Editor's note: There are 43 items inscribed on UNESCO's Intangible Cultural Heritage lists that not only bear witness to the past glories of Chinese civilization, but also continue to shine today. China Daily looks at the protection and inheritance of some of these cultural legacies. In this installment, we retrace the footprints of the "tea saint" to discover the origins, and understand the evolution, of Chinese tea culture.

In his 20s, Lu Yu, revered as the "tea saint", traversed the expanse of China, particularly the Huaihe River Basin and the lower reaches of the Yangtze River, researching all there is to know about tea.

Eventually, he completed The Classic of Tea, the first compendium of the drink in China, outlining the knowledge he garnered, from the explanation of tea, its tools and vessels, to its production, brewing and customs.

Some might say that taste is subjective, but Lu decided on a set of criteria for the most superior variety of tea — those resembling bamboo shoots and having a purple hue.

This type of tea was, not surprisingly, named Zisun Tea, literally meaning "purple bamboo shoot", and produced as a tribute exclusive to the emperors.
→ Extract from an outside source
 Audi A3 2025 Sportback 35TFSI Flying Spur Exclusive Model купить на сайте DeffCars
It is said that Lu was the one who recommended it to the imperial court of the Tang Dynasty (618-907).

China's first imperial tea factory was then established to produce the Zisun Tea, located in Changxing county, Zhejiang province's Huzhou, the city being deemed by Lu as the best tea-producing area in what is today's northern Zhejiang and southern Jiangsu province.
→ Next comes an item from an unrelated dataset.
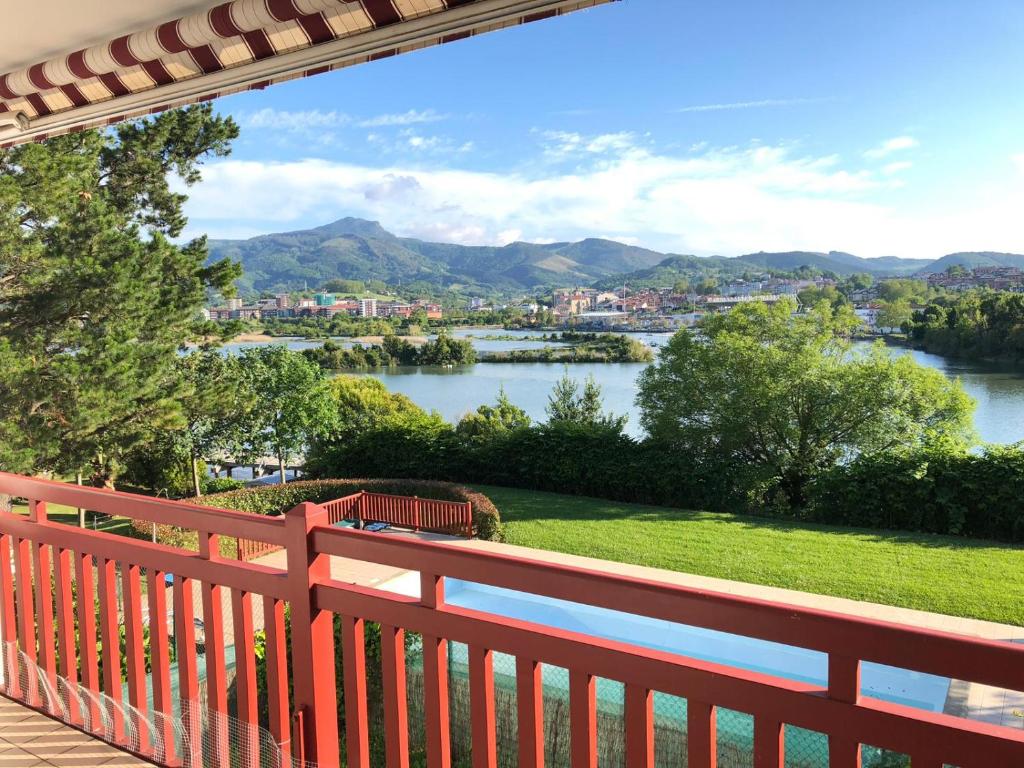 balkon z widokiem na rzekę w obiekcie Bidasoa con vistas w mieście Hendaye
On its original site — Guzhu Hill in Changxing — the Tang Dynasty Imperial Tea Factory has now been rebuilt, and is where contemporary tea masters are working to preserve and refine the ancient Zisun Tea production techniques.
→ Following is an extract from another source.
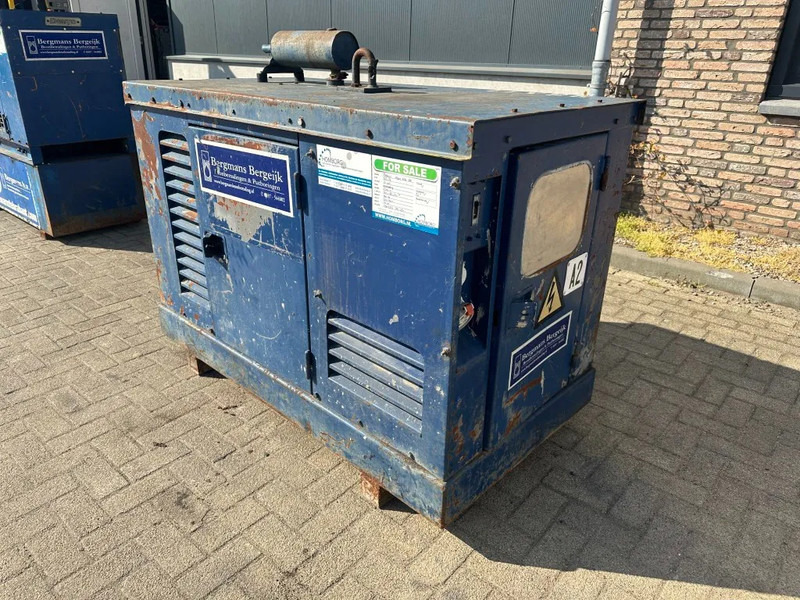 Perkins 130.13 Mecc Alte Spa 10 kVA Silent generatorset - Генераторска поставка: слика 2 Perkins 130.13 Mecc Alte Spa 10 kVA Silent generatorset - Генераторска поставка: слика 2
Tea has been a symbol of a refined lifestyle since ancient times.[Photo provided to China Daily]

"Poet Geng Wei once visited Lu Yu, and the pair enjoyed a lyrical discourse. When Geng expressed his awe at Guzhu Hill's misty beauty and longing for Lu's life, Lu replied that he has to climb up the hill every day before dawn and study the tea leaves, which confirms that Lu worked at the tea factory," says Lin Ruiyang, director of the organization.

While contemporary people typically brew processed tea leaves, as recorded in The Classic of Tea, the manufacture of Zisun Tea involved seven procedures, before the tea leaves were compressed into its distinctive flat and round shape with a hole in the middle.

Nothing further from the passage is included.